Volviendo al principio, permítaseme finalizar con un breve apunte sobre la idea de raza. Repitan conmigo: las razas no existen. Al menos no lo hacen ni lo han hecho nunca como realidad biológica. No hay ninguna evidencia científica dentro del ámbito de las ciencias naturales que sustente una clasificación de los seres humanos en función de su tono de piel ni de ninguna otra de sus características físicas. La eugenesia es, afortunadamente, una pseudociencia desacreditada desde mediados del siglo XX. Bastante nos ha costado enterrarla. Entre otras cosas una Guerra Mundial y seis millones de muertos en el Holocausto judío.

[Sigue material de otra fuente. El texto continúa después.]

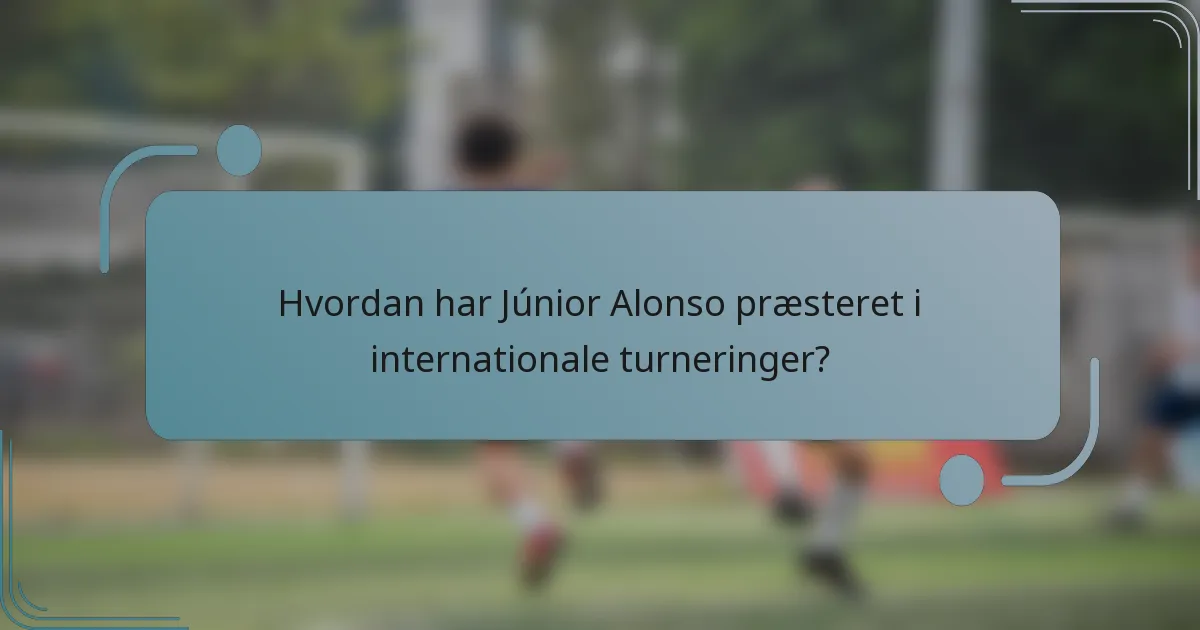 Hvordan har Júnior Alonso præsteret i internationale turneringer?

Las razas son una construcción social cuyos orígenes son perfectamente rastreables en el tiempo. Solo existen en nuestro imaginario colectivo. Son comunidades creadas por las potencias coloniales del siglo XIX para asignarnos y asignar a los otros atributos colectivos de superioridad o de inferioridad que justifiquen su dominación y su posición en la estructura social. La explicación de la desigualdad por motivos de tono de piel es paradójicamente una idea de la modernidad.

Las razas son también y fundamentalmente un asunto de perspectiva. Al candidato al Óscar Antonio Banderas le ha caído estos días una raza a la que él, seguramente, no creía pertenecer. A lo mejor, y frente a lo que ha sucedido en las redes sociales y en parte de la prensa, ha sido lo suficientemente inteligente como para reconocer el verdadero interés que merece la cuestión para una persona económicamente privilegiada como él: ninguno. Razas hay tantas o tan pocas como socialmente deseemos construir. Personalmente apostaría por no construir ni una sola más y por tratar de desmontar y de desmentir todas aquellas que se han construido.